Meet Janet McKinstry: Her life's tapestry is woven of God and art
Art and religion have been linked for centuries, artists and clergy hand in hand in delivering their messages. Less common is finding one person playing both roles. Meet Janet McKinstry, painter, writer, musician and fabric artist. Then shake hands after church with Pastor Janet, in Richmond or Tyringham.
McKinstry's vibrant personality comes across at first meeting. She sees unity in her dual careers and says she "could not be a pastor without my art" and vice versa. And thus she has melded a degree from The Fashion Institute of Technology with a master's of divinity from Andover Newton Theological School.
She considers her fabric art spiritually inspired and, in reverse, finds that her time alone in her studio fuels time spent in her upstairs study at the Richmond Congregational Church. Part of what joins the two is the number of Richmond congregants who are also involved in the fiber arts: quilting, knitting, crocheting.
Turns no one away
Another link is her sense of community. The small Richmond church, which surely must struggle to pay the oil bills and periodically paint the building, has a long reach into the small town that surrounds its State Road property.

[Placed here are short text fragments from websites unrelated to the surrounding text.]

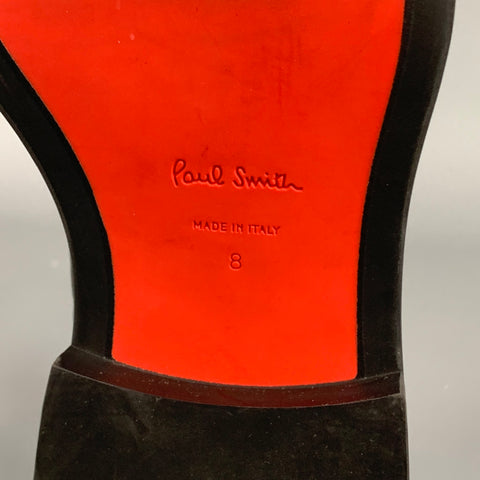 PAUL SMITH Size 9 Black Leather Cutout Lace Up Shoes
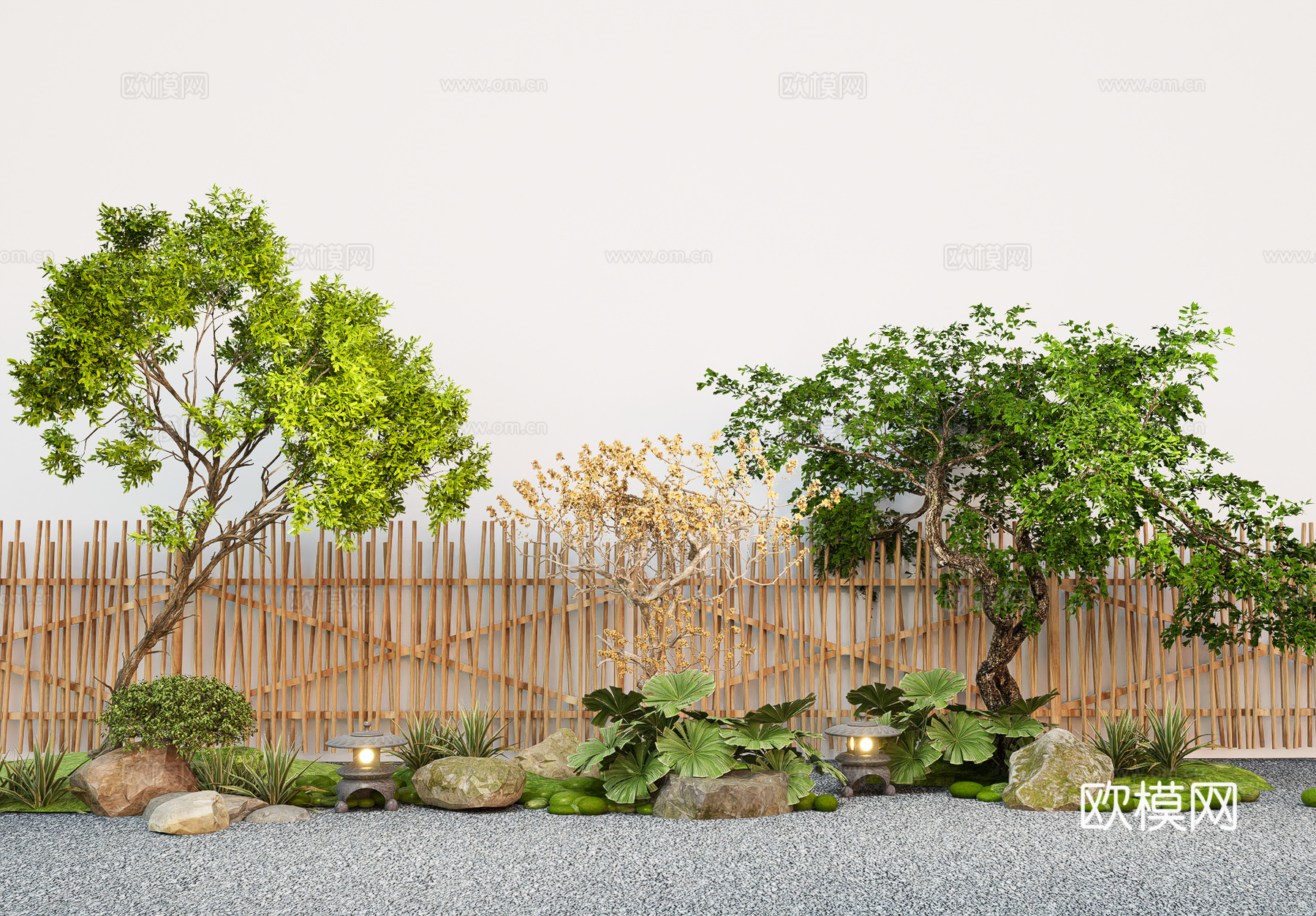 乔木造型树 景观树  庭院小品 景观石头su模型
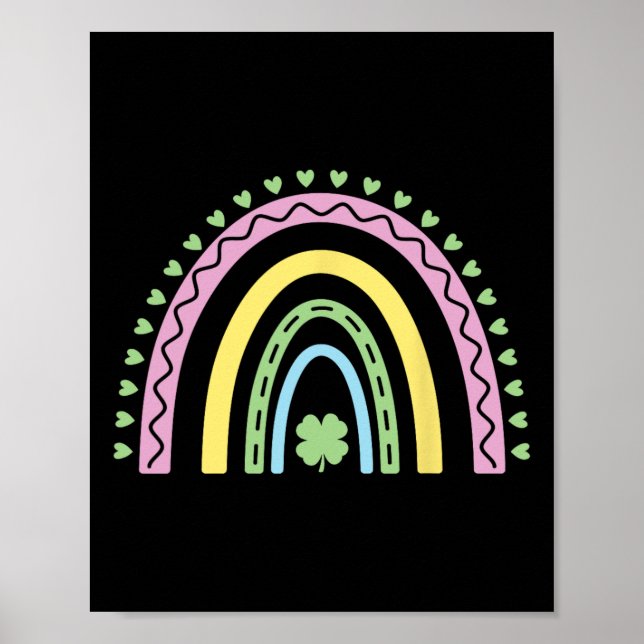 Green Four Leaf Clover Rainbow St Patrick's Day Bo Poster (Front)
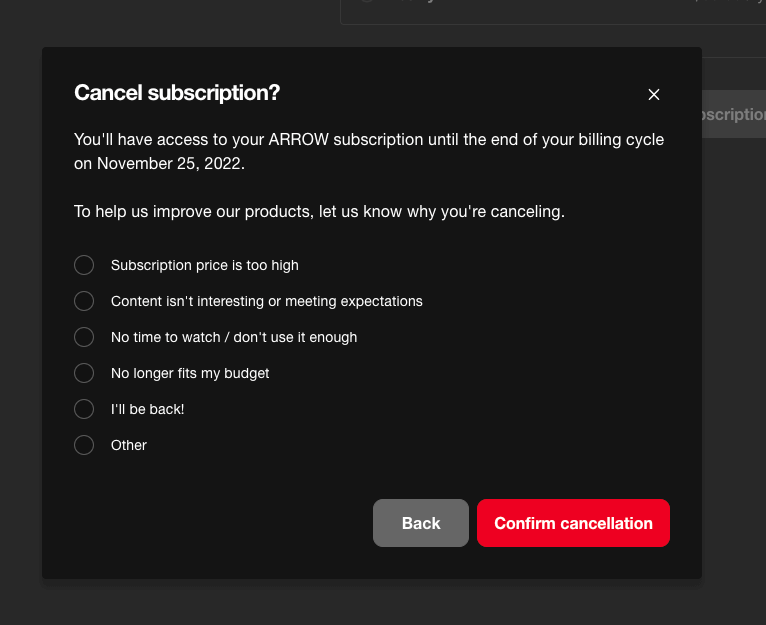 click Confirm cancelation button to complete the process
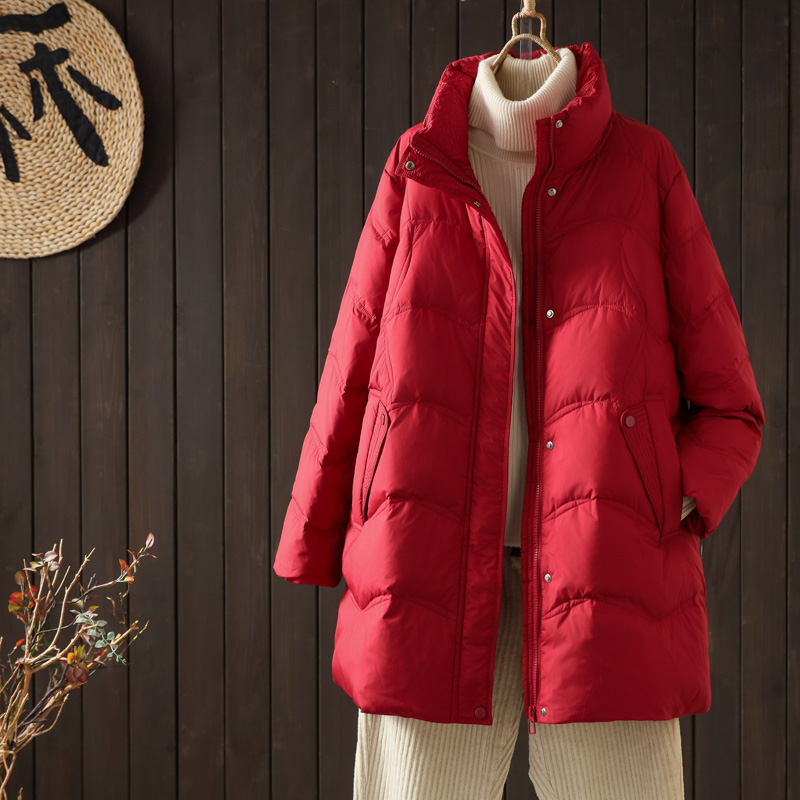 Mid-Length White Duck down Jacket for Women 2025 Winter New Large Size Loose Casual Warm Thick Coat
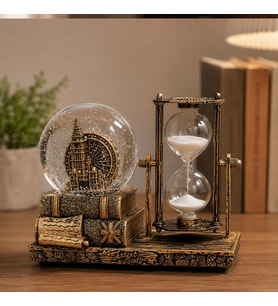 Kişiye Özel Dekoratif Big Ben Saat Kulesi Temalı Kar Küresi ve Kum Saati – Vintage Tasarım Hediyelik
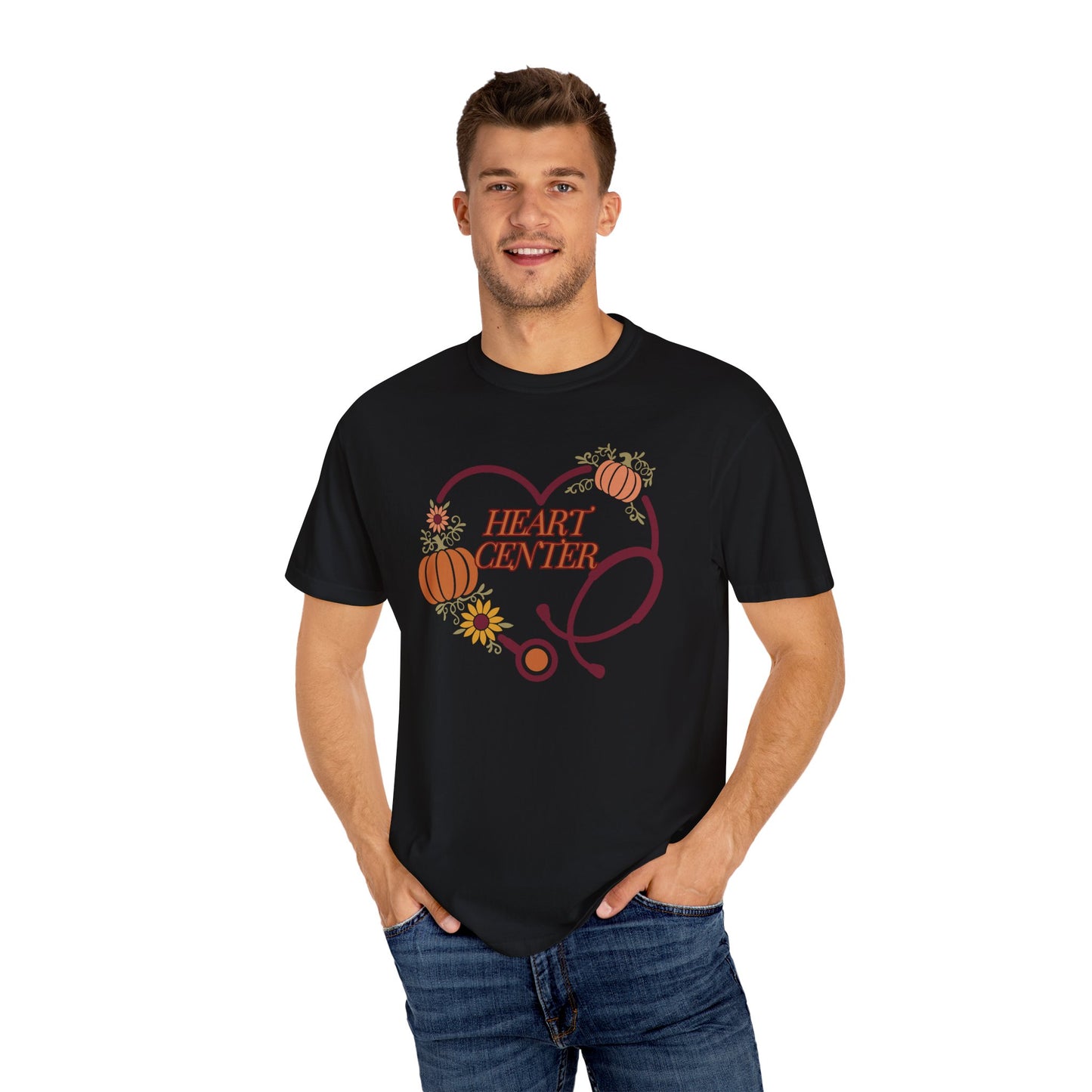 Fall heart center  Stethoscope heart, fall shirt, gift for nurse,cute holiday shirt, comfort colors, thanksgiving shirt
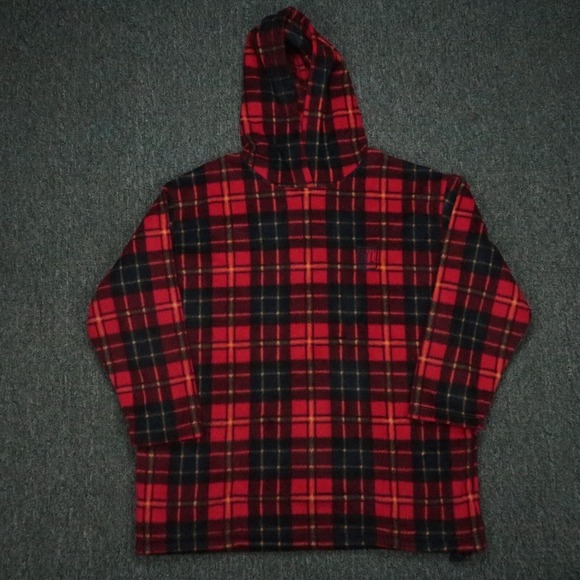 Lauren Ralph Lauren Tops - Lauren Ralph Lauren Hoodie Womens Large Red Plaid Oversized Flannel Sweater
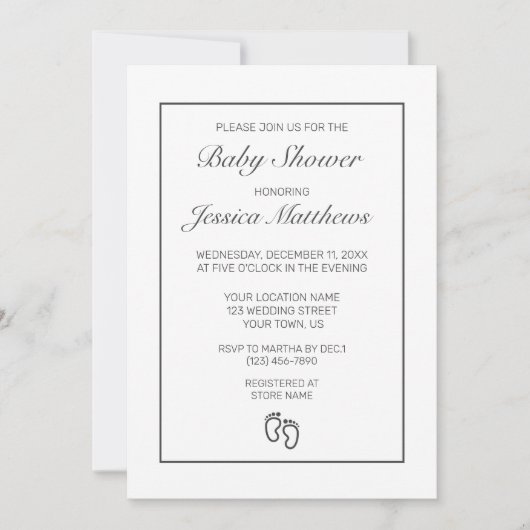 Voeten Modern Minimalistisch Wit Baby shower Kaart (Voorkant)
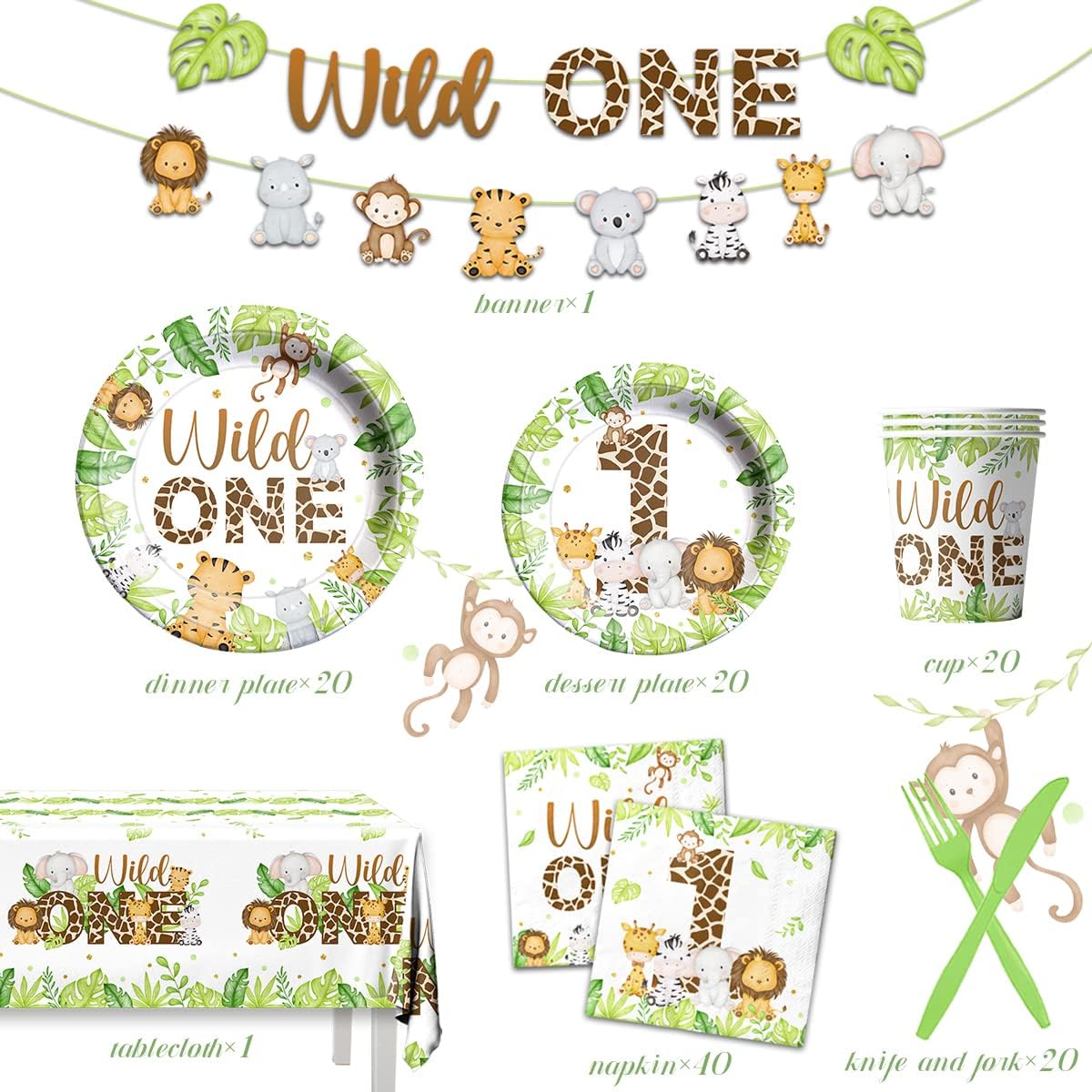 WILD ONE Decorations - 142 Ocean Birthday Items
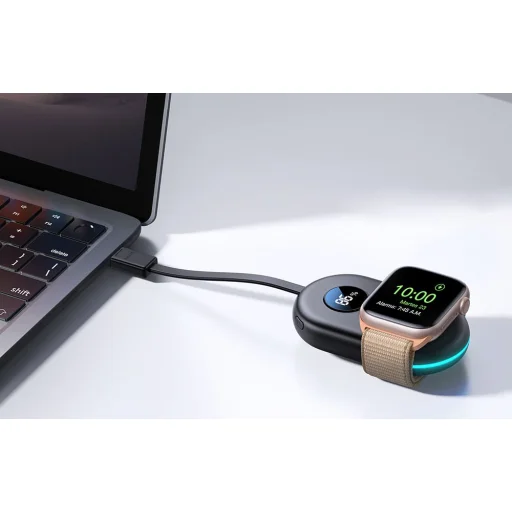 Joyroom JR-W09 3W vezeték nélküli töltő USB-C kábellel Apple Watchhoz - fekete tok - 4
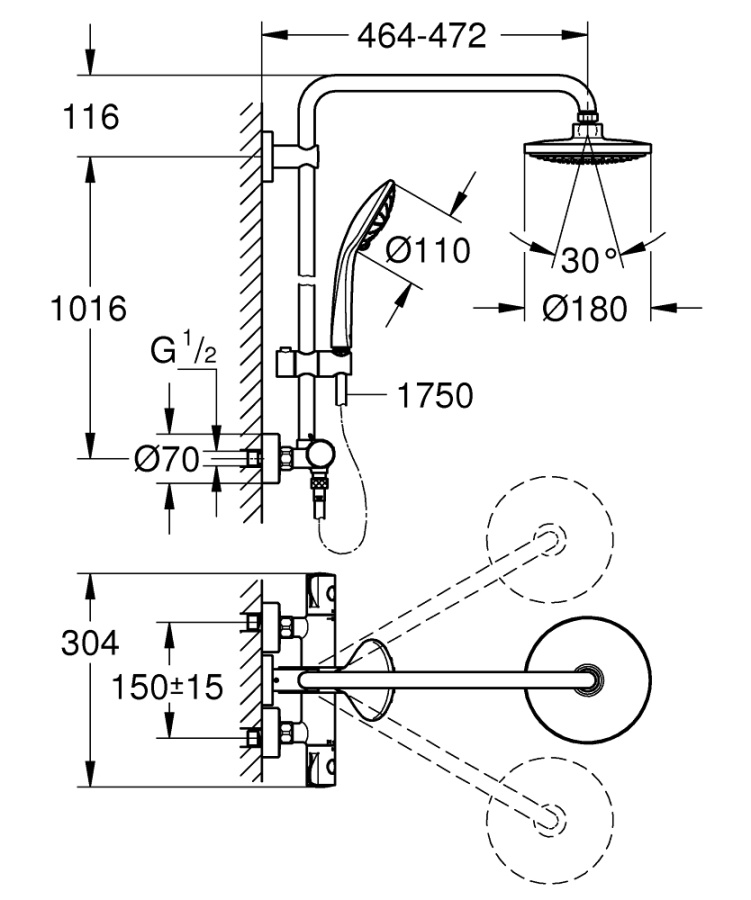 Photo Shower stand GROHE Euphoria System 26418000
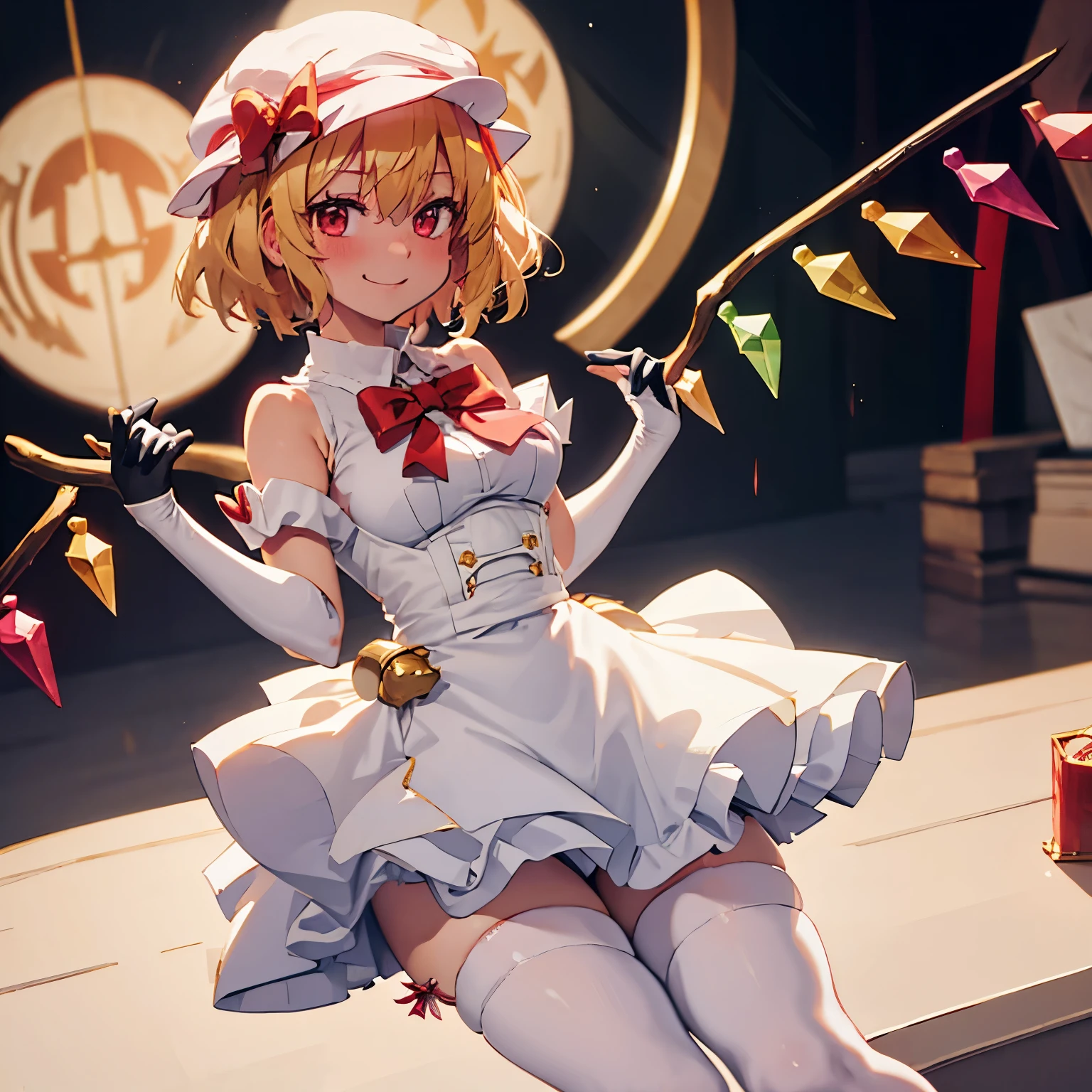 flandre_scarlet_touhou, blonde_hair, wings, red_eyes, crystal, bangs, ribbon, bow, blush, smile, vest, hair_between_eyes, red_bow, red_ribbon, hat_ribbon, short_hair, aether foundation employee, white clothes, pouch, thigh boots, gloves, white pantyhose, short shorts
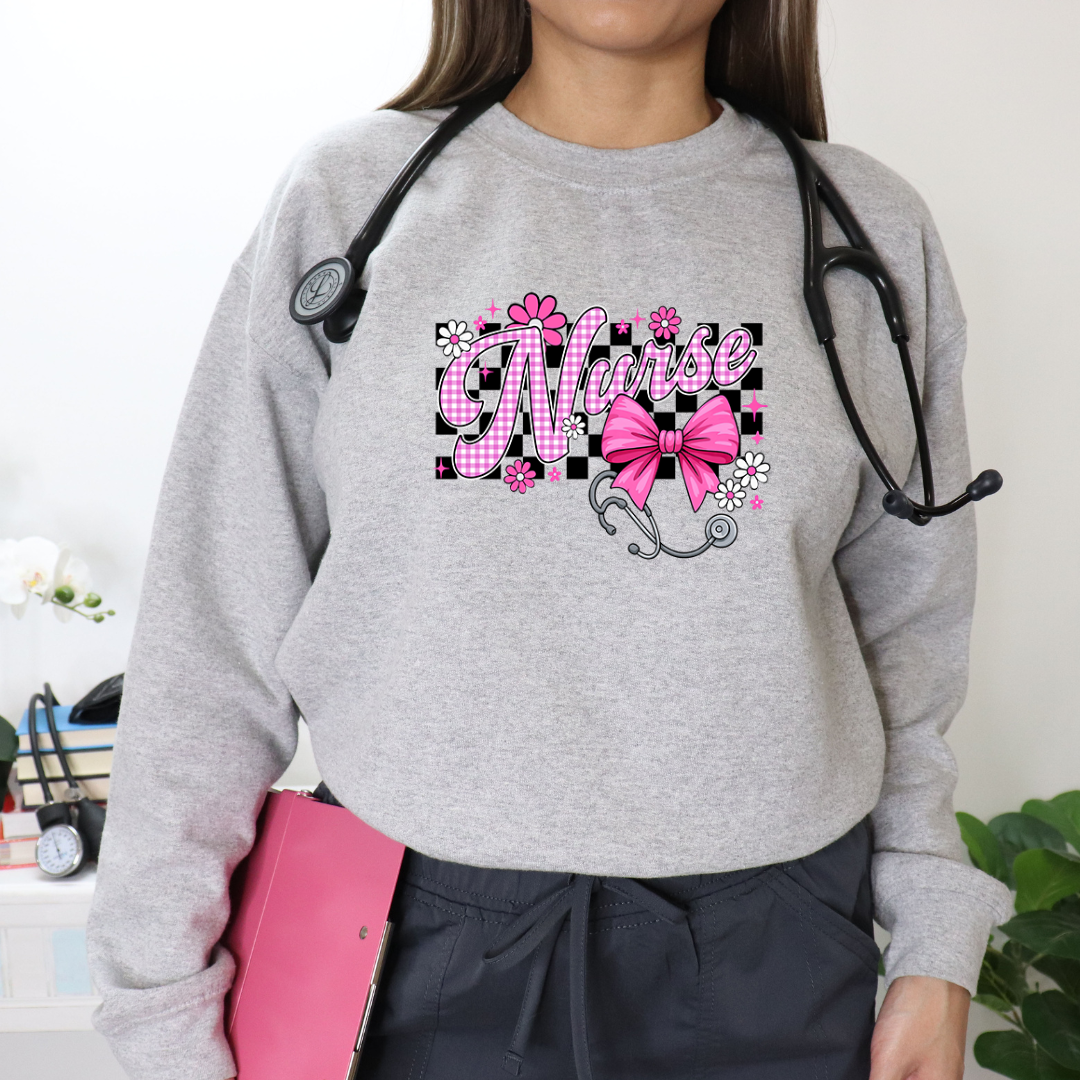 Nurse Checkered Crewnecks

With their now legendary tag sale in mid-July, the parishioners raise thousands of dollars — much of which goes not to operating expenses but to town scholarship funds, fuel assistance and support of food pantries.
McKinstry, who lives in Great Barrington with her husband (the musician Douglas Schmolze), agrees that the role of the church in Richmond extends beyond its own space. Townspeople may or may not come to church on Sundays, but she considers them part of the congregation.
"A church," she says, "is not just the members anymore. If anyone wanted something, I'd minister to it."
She believes families want to "feel connected to something that is stable," and her goal is to be a source of that security.
"If there's a spiritual need, I turn no one away," she says.
That view is shared by many of her congregants who met her when she was a fill-in minister at their church. Before long, she and the people searching for a new pastor realized that they had found someone who truly "fit."
"She's awesome," said one longtime member.
"She's so full of energy," said another, pointing out that on Sunday mornings she not only conducts the service but often sings with the choir or adds her flute playing to the singing and the organ.
As for her other career, which includes various media, she feels that the art world draws people together.
"Art gives life and color to the community," she says, "and people take pride in their artists."
In the several years that she's been connected to the Richmond church — first as a fill-in pastor and then as its ordained minister — she has learned that the town has many connections to the arts, from its history with the famous Stirling and Alexander Calder family to the number of current residents involved in theater, painting, music, writing and sculpture.
Her own art is focused right now on fiber handbags, large and small. They are wildly colorful and range from clutches to bags that could serve as carry-ons. She is ever on the hunt for vintage fabrics, upholsterers' leftovers, outdated fabric samples from retailers like Paul Rich and Sons. And she adapts all kinds of things, from jewelry to buttons, for her clasps.
Her bags and wall hangings, which she sews herself, are scattered around the Berkshires in small shops like the Berkshire Museum, Karen Allen Fiber Arts in Great Barrington, the Red Lion Inn gift shop, and the Williams College Museum of Art.
Her artistic side has gone in a number of directions over time.
In the past she created unique marionettes and performed with them. She wrote a children's book, illustrated by her and her father, John, also an ordained minister. But she often finds herself thinking about a new direction.
Last week, she did a finger painting on a wood block, inspired by the Berkshire landscape, and commented, with excitement, that it was a rush to have nothing between her and the canvas.
Musing about whether Van Gogh might have finger-painted "Starry Night," she said, "When you're holding a tool, you have to be thinking about how you are holding the tool. What attracts me is the carefree energy of the finger painting."
The Rev. Janet McKinstry's enthusiasm for her life, from greeting each day with the birds to spending most evenings quietly at home, spirals off in many directions as she carefully plans her time each week. She may well be care-free, too, but she's also focused — on both of her careers.